Second, April 2009 saw the release of Melco’s 2008 annual report. It showed that revenue had increased 300% from 2007, and more importantly that the company was finally closing the gap, nearing the economies of scale necessary to actually become profitable.
What about now? At $33.50 a share, is it worth some capital? In the short term, yes, but it must be watched very closely. This is no longer a buy and hold. Melco’s main business being the Macau market and gamers from mainland China (63.5% of its customer base), Melco is simply too heavily dependent on one source of business that could become unstable very quickly. Beyond that, its expansion plans in the Philippines are an ambitious, but dangerous choice. In order to understand why, this is what is happening in the Philippines right now on a macro scale.
Since January 2008 until the end of 2012, the Philippine Peso supply increased at a moderate pace. Suddenly, beginning in 2013, the Philippine Central Bank went on a mad spree. This by itself creates the boom part of the business cycle and is a temporary boon for business while it’s happening. But as soon as it stops, there isn’t much time to get out. It seems from this chart that from the beginning of 2014, the peso supply has leveled off. What this means, it if continues for much longer, is that all the investments from the period of money expansion will not see the expected returns, AKA recession. The Philippines right now are at the top of the business cycle, about to experience the hangover part of the boom. Now is not a great time to invest there.
Further, Melco has also been boasting of its plans for Japan. In Melco’s words:
While its plans for Japan are nowhere near concrete yet, and that’s a good thing, Japan’s economy is far from healthy. The Yen is very weak, Shinzo Abe makes Janet Yellen look like a monetary hawk, and Japan just had the dubious honor of becoming the very first Western nation to owe over a quadrillion anything to anybody. Japanese national debt is now over a quadrillion yen. The only time that number should ever be used is regarding either molecules in the universe or kilometers in space. That, and Japan has had the highest debt to GDP ratio in the world for a very long time, the population is aging, birth rate falling, and who knows what’s going on with that Fukushima nuclear mess. When this debt bomb detonates and the economic clock and monetary clock resets, then will be the time to push hard in Japan.
I don’t find much favor in Melco’s near term plans either in the Philippines or Japan, but I cannot deny that they know how to attract customers and do it very well. Its upper management may not understand Austrian Business Cycle Theory at all, but they sure know how to run a casino while the money supply continues to flow. Net income is up 345% (page 10) year over year last quarter, a stellar start to 2014. Melco is also well protected against interest rate hikes, with 72% of its $2.54B debt fixed rate.
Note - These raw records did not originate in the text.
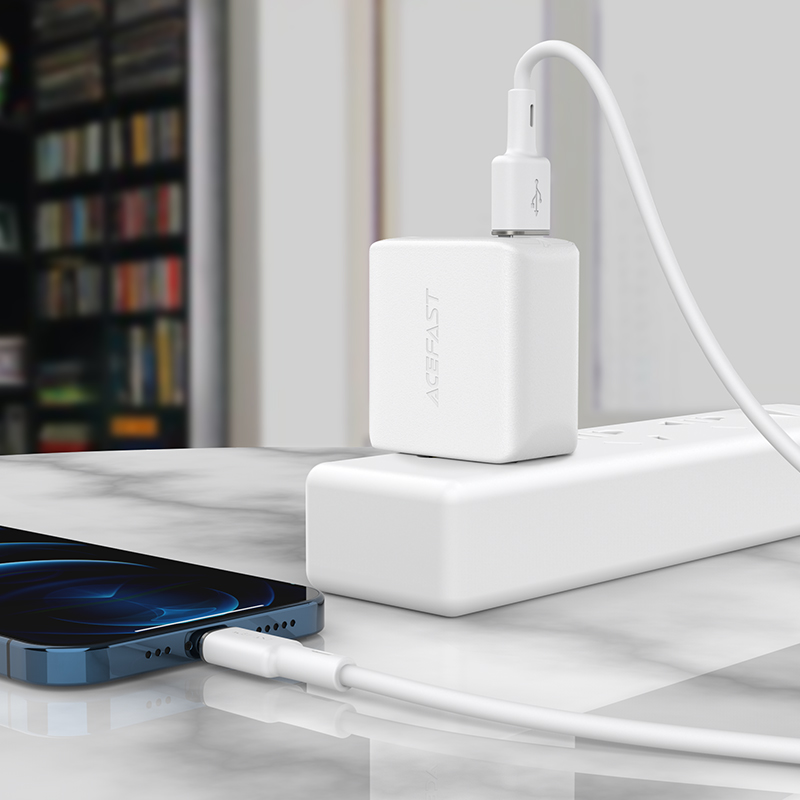 Acefast-MFi-USB-Lightning-kabel-1.2-m-2.4A-–-fekete-C2-02-5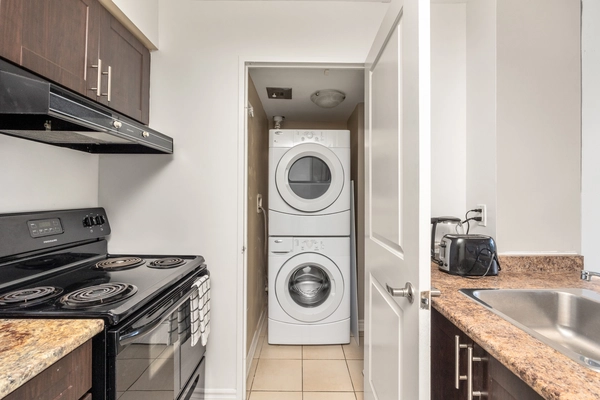 Coliving in Westside - West TO, Toronto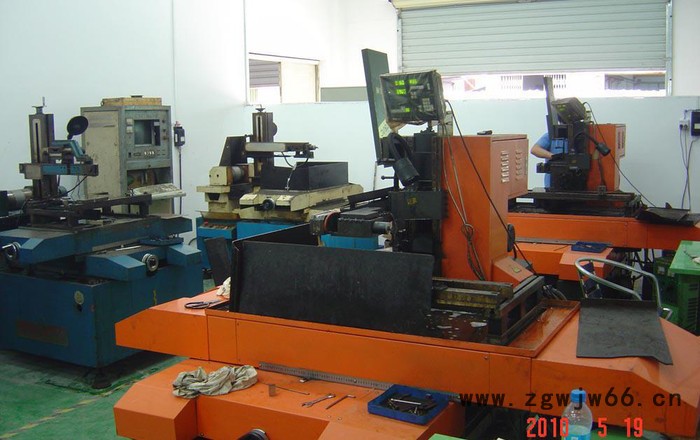 冲压模具，五金冲压模具，IT冲压模，五金模具，汽车模具图3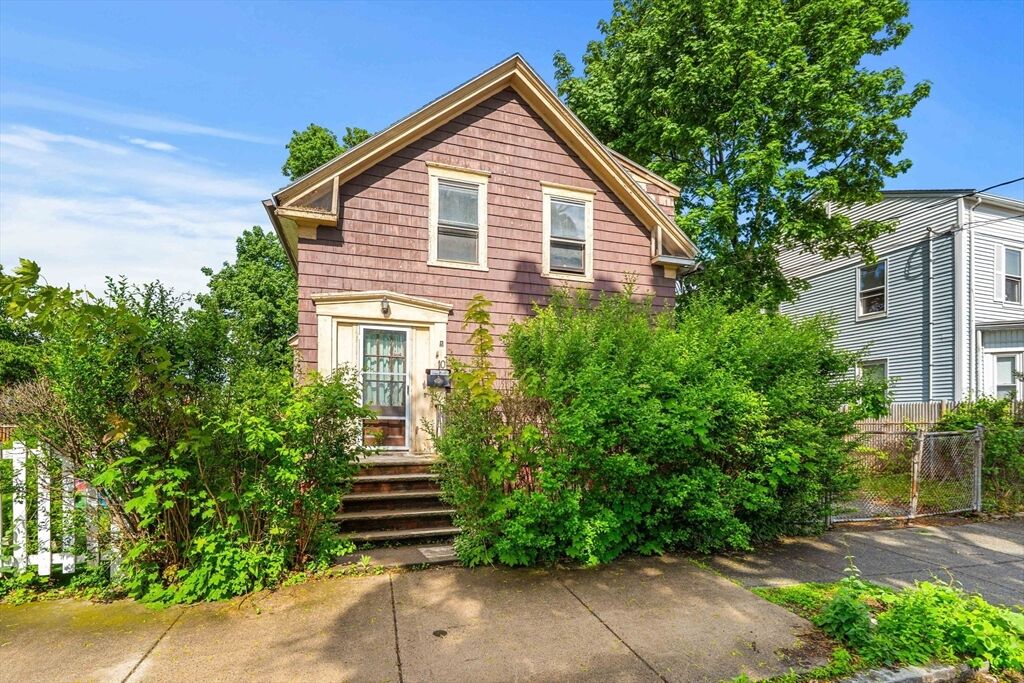 Property Photo:  10 Pinkham Street  MA 01902 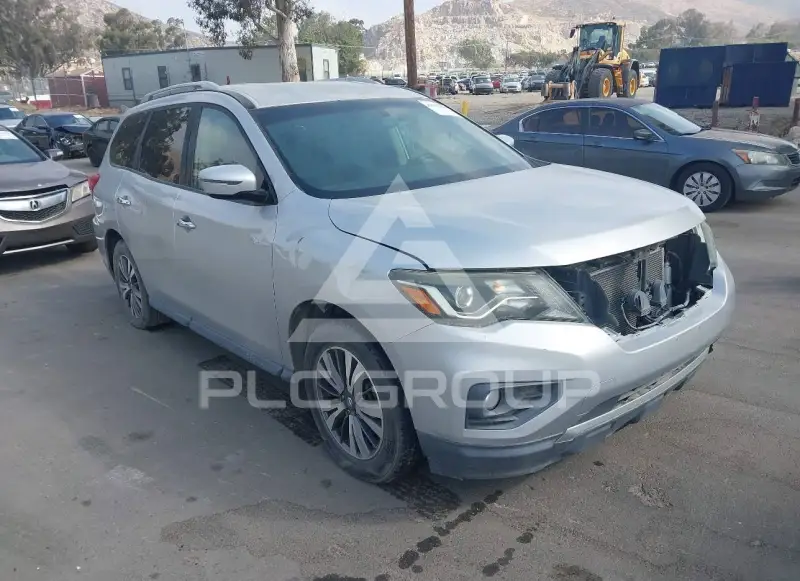 2017 Nissan PATHFINDER photo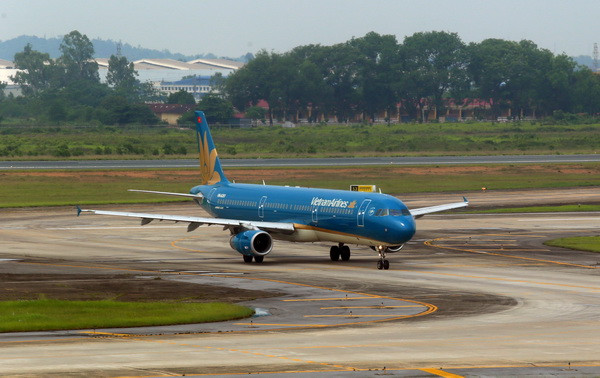 Máy bay của Vietnam Airlines gặp trục trặc kỹ thuật tại sân bay Vinh ảnh 1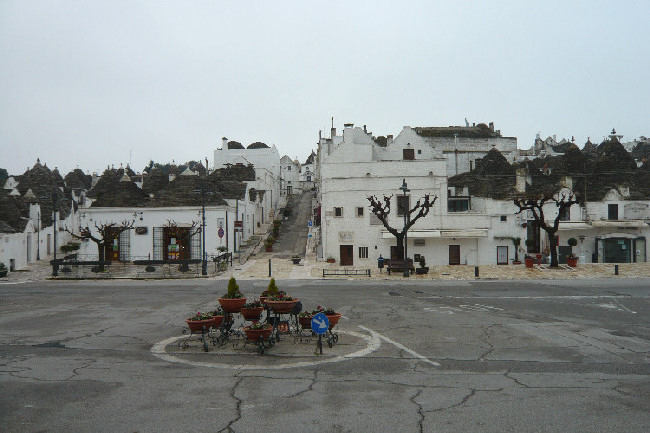 Piazza_di_Alberobello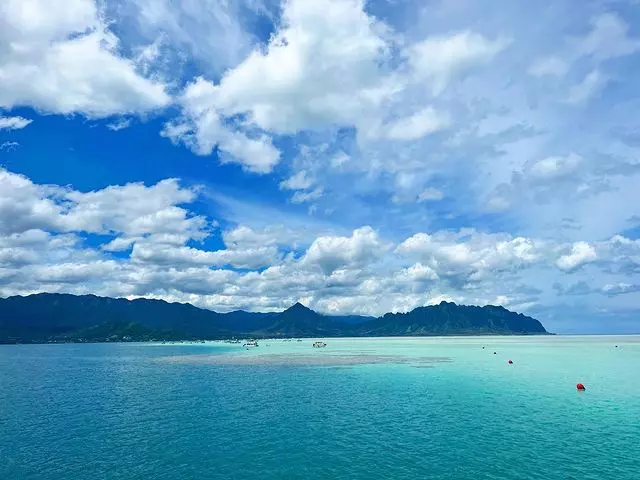 ハワイの海が青い理由ポロロの旅記録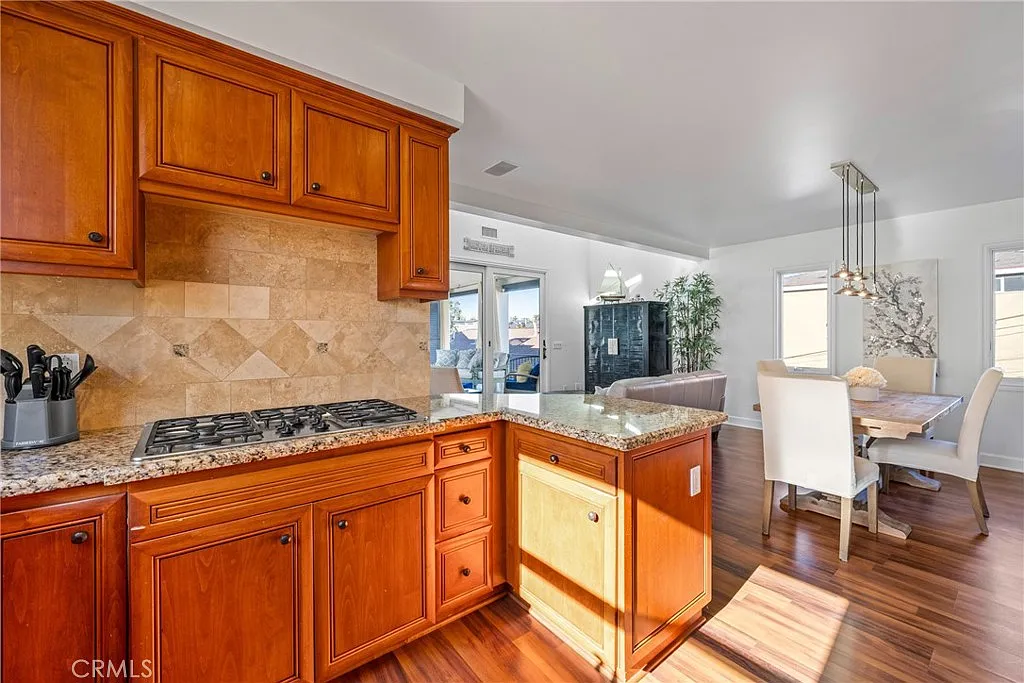 2 bed, 2.5 bath, 1254 sqft, $7,250 — Photo 3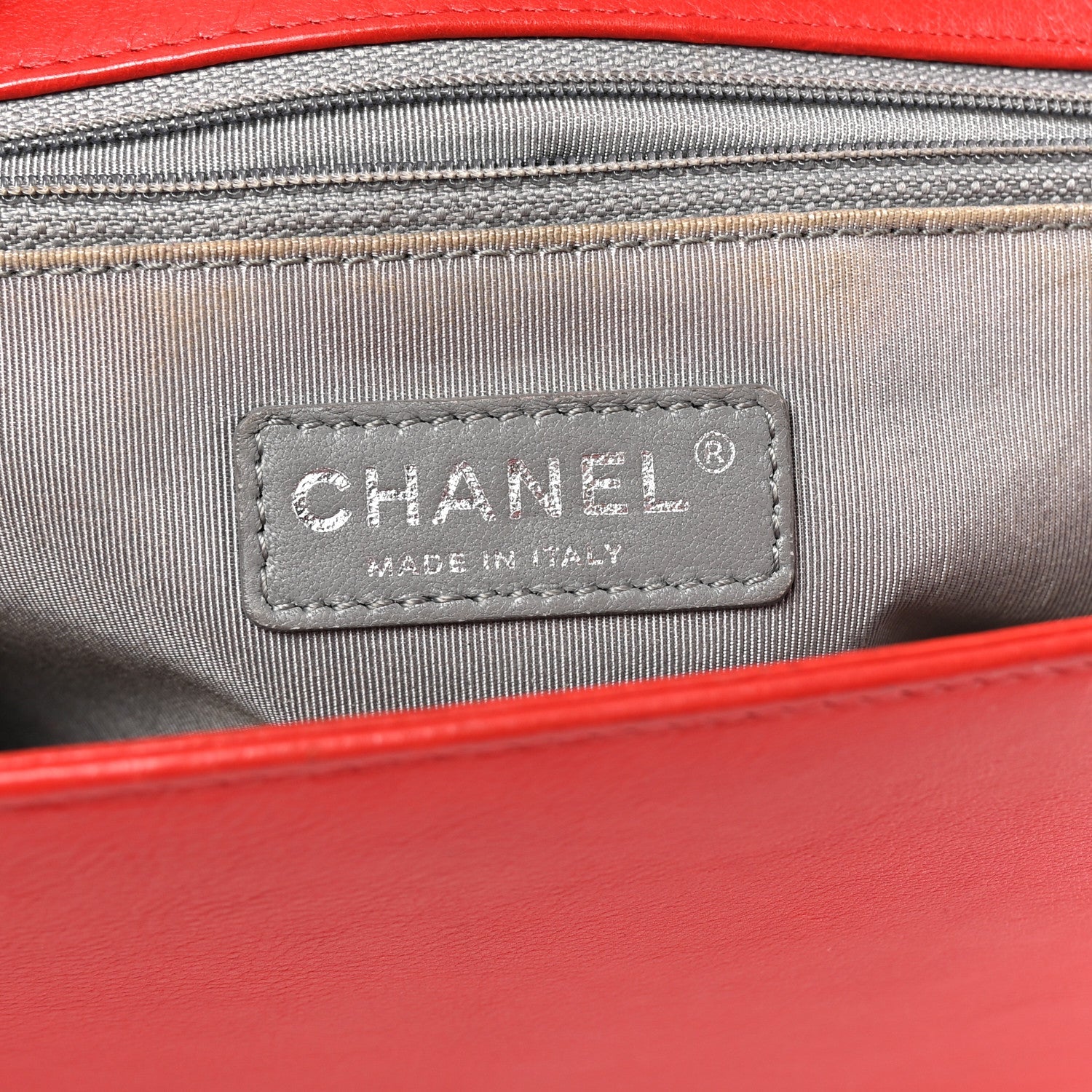 Calfskin Double Stitch New Medium Boy Flap Red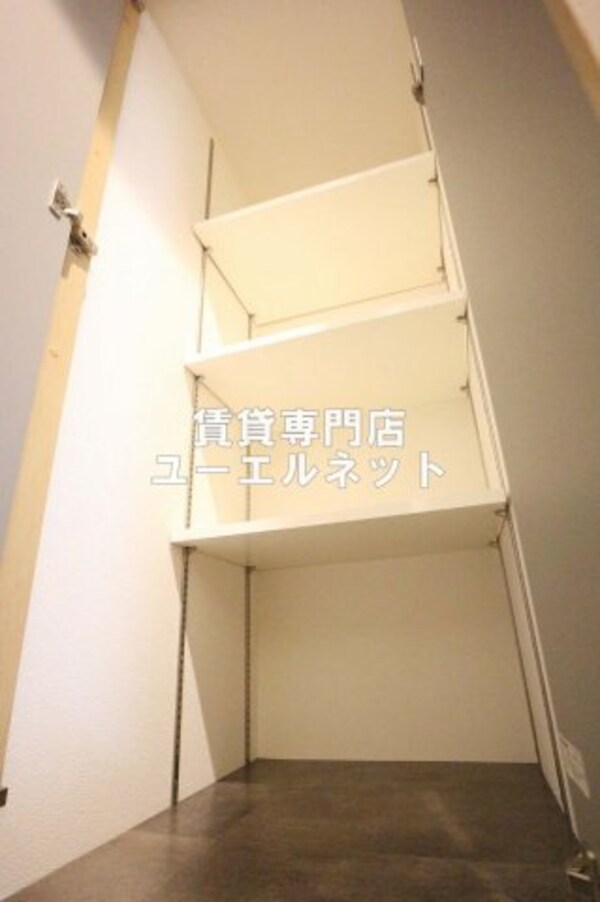 建物設備(玄関に大きめの収納棚があります◎)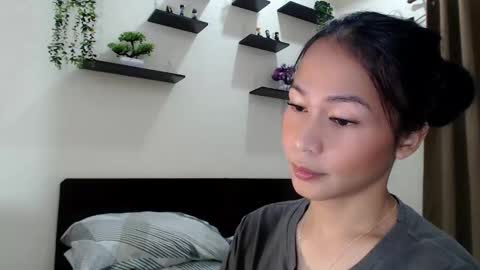Snapshot of xlovely_destinyx chatting on 04.01.26 Alice online show from 04.01.26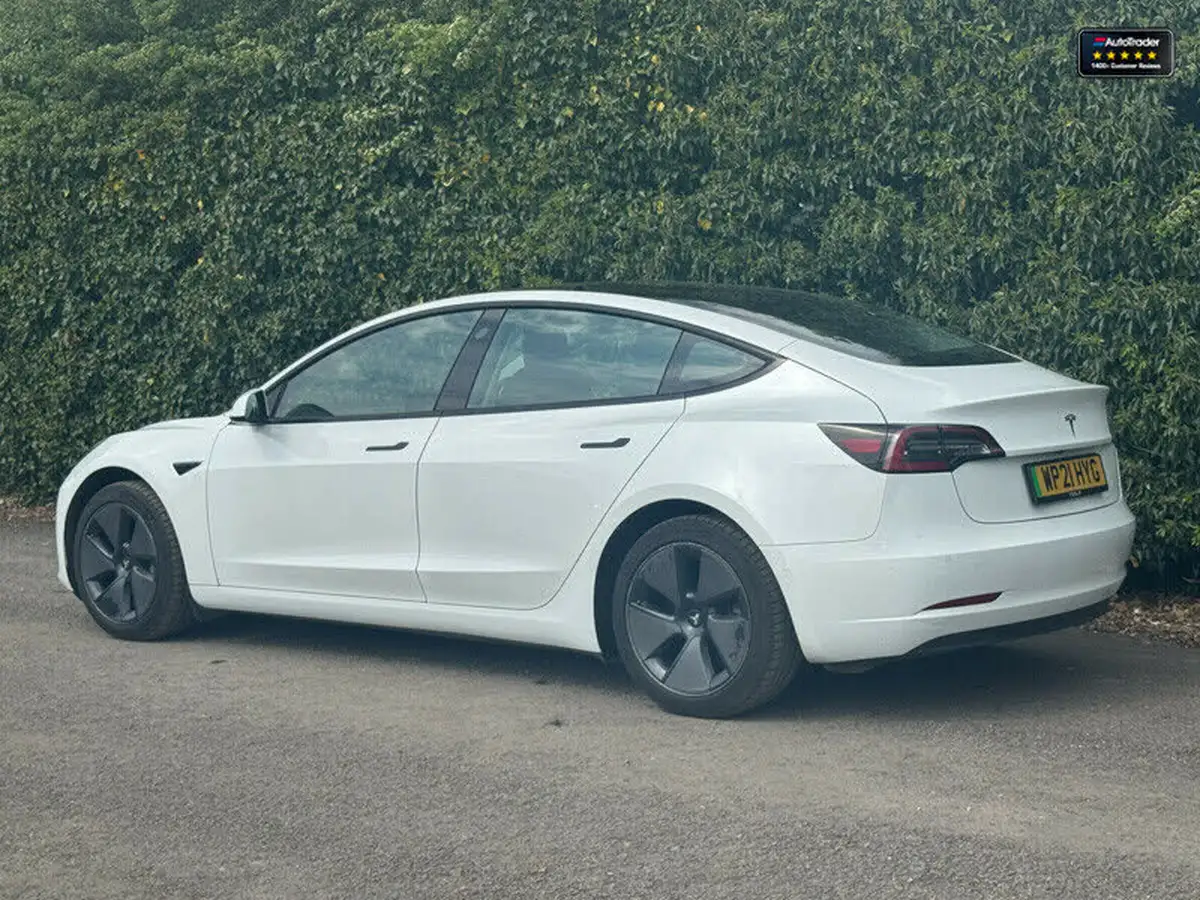 2021-tesla-model-3-e-standard-plus-big-35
The real reason Melco is a short term buy at this point is that despite having an amazing start to the year, the stock is down 27% since the beginning of 2014. This is the same sort of dissonance that happened in April 2009, and it does signal that MPEL will probably rebound, perhaps even sharply. But this will only sustain itself so long as China is able to mask its failing economy, which is not long. No matter how great of a company Melco Crown is, any shake up in China will bring it down along with everyone else on the scene.
So MPEL will be a good play for the next few months, but this is a hot potato if there ever was one. Go long if you wish, but monitor it very closely, and get out at any sign of a Little Trouble in Big China.